BEGIN

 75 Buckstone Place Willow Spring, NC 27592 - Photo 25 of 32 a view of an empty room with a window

END
BEGIN

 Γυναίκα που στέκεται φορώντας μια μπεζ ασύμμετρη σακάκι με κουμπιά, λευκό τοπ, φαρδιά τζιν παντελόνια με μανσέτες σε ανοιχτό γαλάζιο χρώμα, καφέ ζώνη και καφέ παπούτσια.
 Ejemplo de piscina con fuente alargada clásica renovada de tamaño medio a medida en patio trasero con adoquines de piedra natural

END
BEGIN

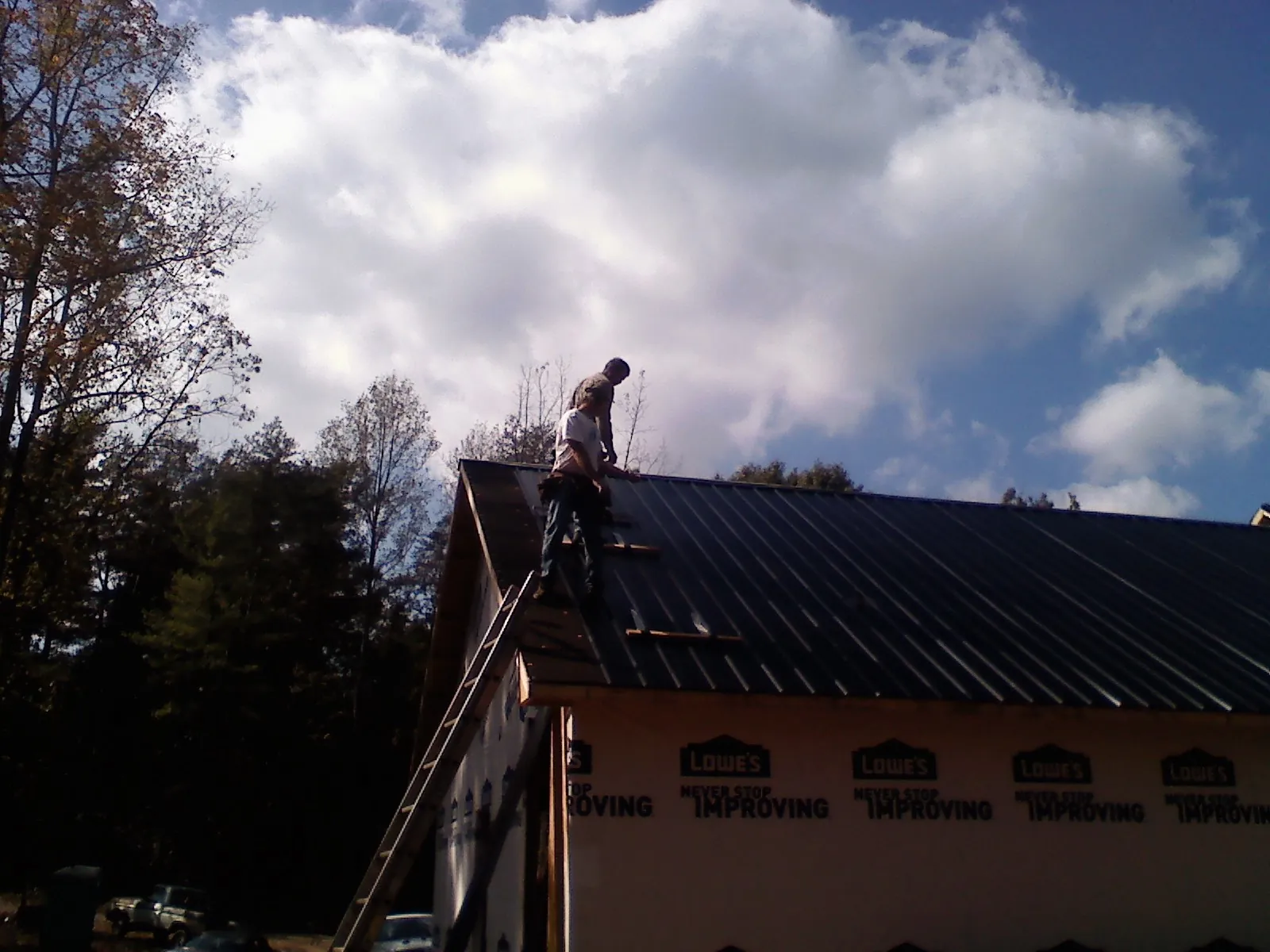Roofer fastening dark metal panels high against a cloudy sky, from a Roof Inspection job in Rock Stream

END

What is needed: In the material above, find the line containing "Γυναίκα που στέκεται" and the line containing "Ejemplo de piscina", then write out exactly those two lines and every line between them, and nothing more.

Result for this task:
 Γυναίκα που στέκεται φορώντας μια μπεζ ασύμμετρη σακάκι με κουμπιά, λευκό τοπ, φαρδιά τζιν παντελόνια με μανσέτες σε ανοιχτό γαλάζιο χρώμα, καφέ ζώνη και καφέ παπούτσια.
 Ejemplo de piscina con fuente alargada clásica renovada de tamaño medio a medida en patio trasero con adoquines de piedra natural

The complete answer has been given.